Tuesday, April 27, 2010

Unprepared Piano

The first time I heard the sound of the piano 1 minute and 30 seconds into this Richter recording of the Saint-Saens Egyptian Concerto, I was sure that there was some kind of "preparation" done to the piano. I later learned that the magic is in the natural overtones that get excited (or dulled) when you use this particular combination of strings and hammers.

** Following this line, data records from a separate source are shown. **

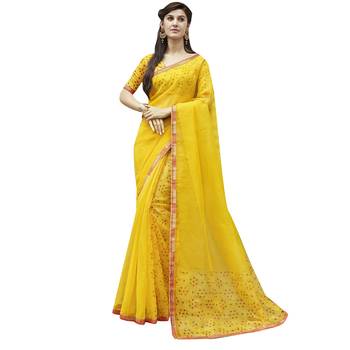 Shaily Yellow Printed Cotton Saree With Blouse 1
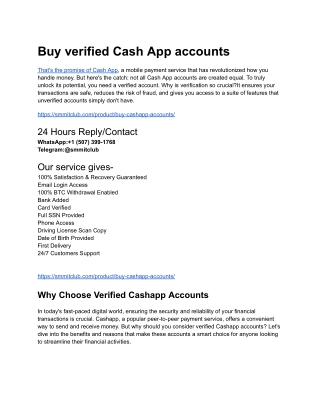 Top 07 Place To Buy verified CashApp Accounts in this year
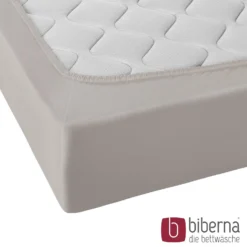 biberna Jersey-Elastic-Spannbetttuch sturmgrau, 1x 90x190 cm - 100x220 cm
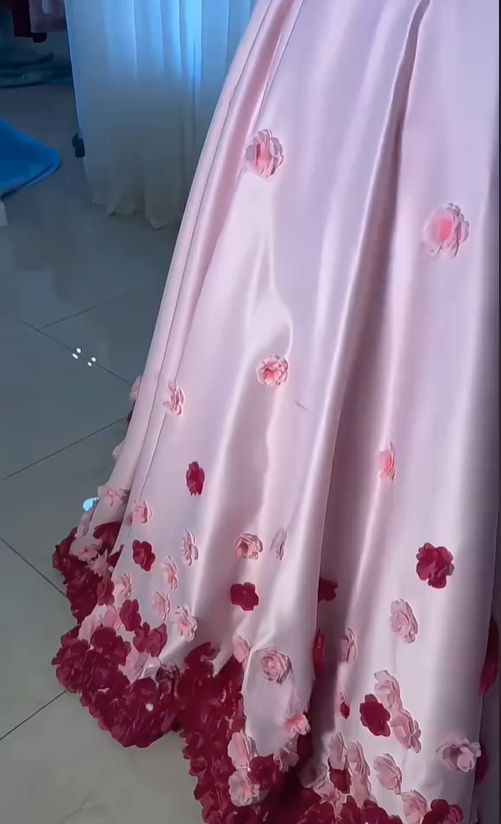 18th Birthday Pink Off Shoulder Satin 3D Flower A-Line Long Party Dress Prom Dress TP2787
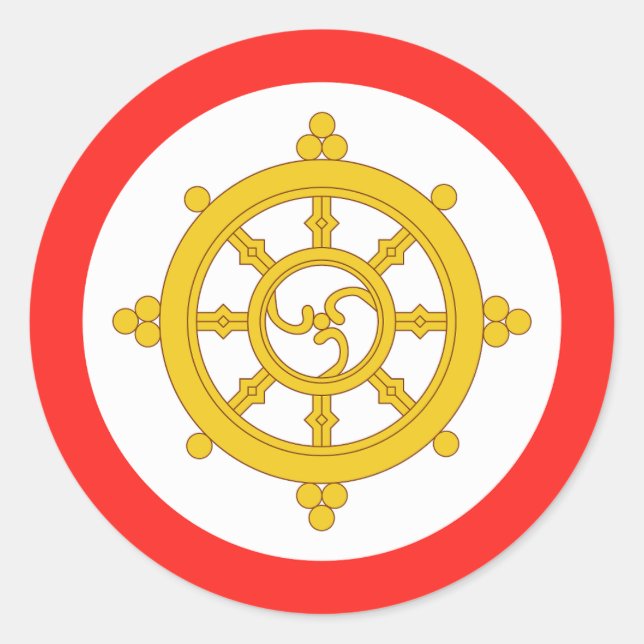 Sticker Rond Drapeau du royaume de Sikkim (Devant)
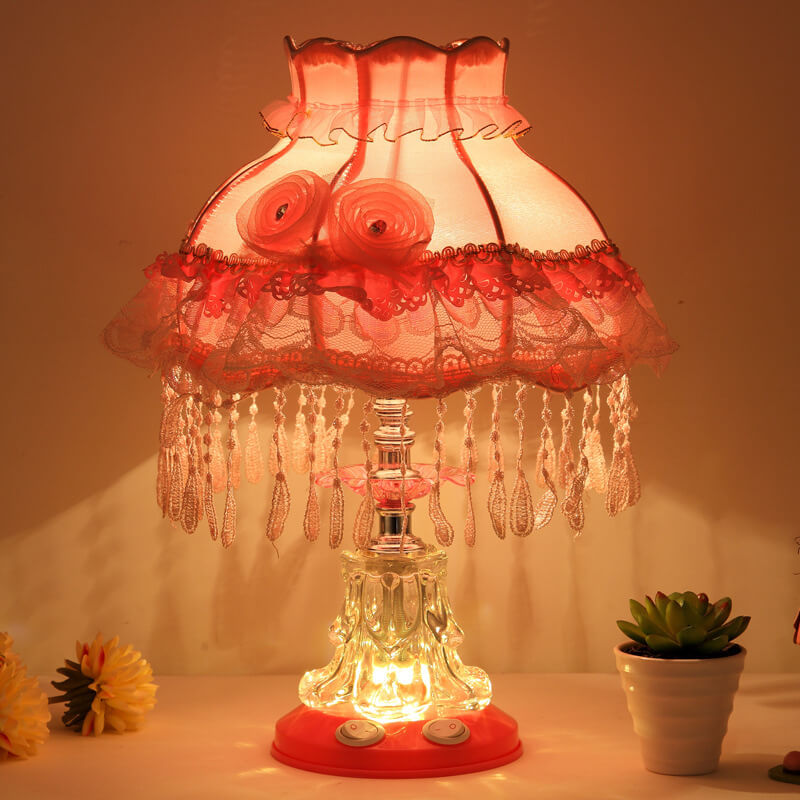 Modern Fabric Table Lamp – Glass & Textile, E26 Socket, 39 cm High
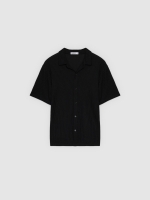 %Pto% Camisa canelada botões preto vista frontal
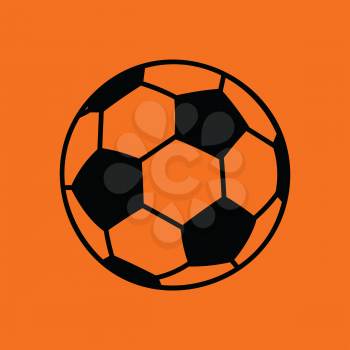 Soccer ball icon. Orange background with black. Vector illustration.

Click on the picture below for a better view, and try it yourself!

5 comments:

Anonymous said...

Harmonics, just as Ravel used in part of Bolero and other works. Organists have known of this forever, and Saint-Saens knew the organ well.

Elaine Fine said...

Ravel used organum (fourths) in Bolero, but he used sustaining wind instruments. The difference tones that come from the organ do not change the fundamental timbre of the regular pitches that are being played. There is something really special here, because the resulting difference tones change the actual sound of the instrument.

Anonymous said...

The melody begins on the third of F major, but the right hand notes are essentially 2&2/3 (nazard) and 1&3/5 (tierce) foot stops over the 8 foot of the left hand beginning on A. Parallel major chords then, functioning in this way because Saint-Saens was also an organist who would have known and often used this as a normal "cornet" registration.

Elaine Fine said...

Isn't it amazing the way a normal registration on the organ, which is a sustaining instrument, can produce such an odd "thumb piano"-like quality on the piano when combined with sustaining upper strings and pizzicato in the bass?

Anonymous said...

Though not fully explored because the 20th century penchant for odd experimentation sort of abandoned harmonics, I suspect there are a lot more interesting effects which might be uncovered when this alley (likely not blind) is further examined, as it surely will be.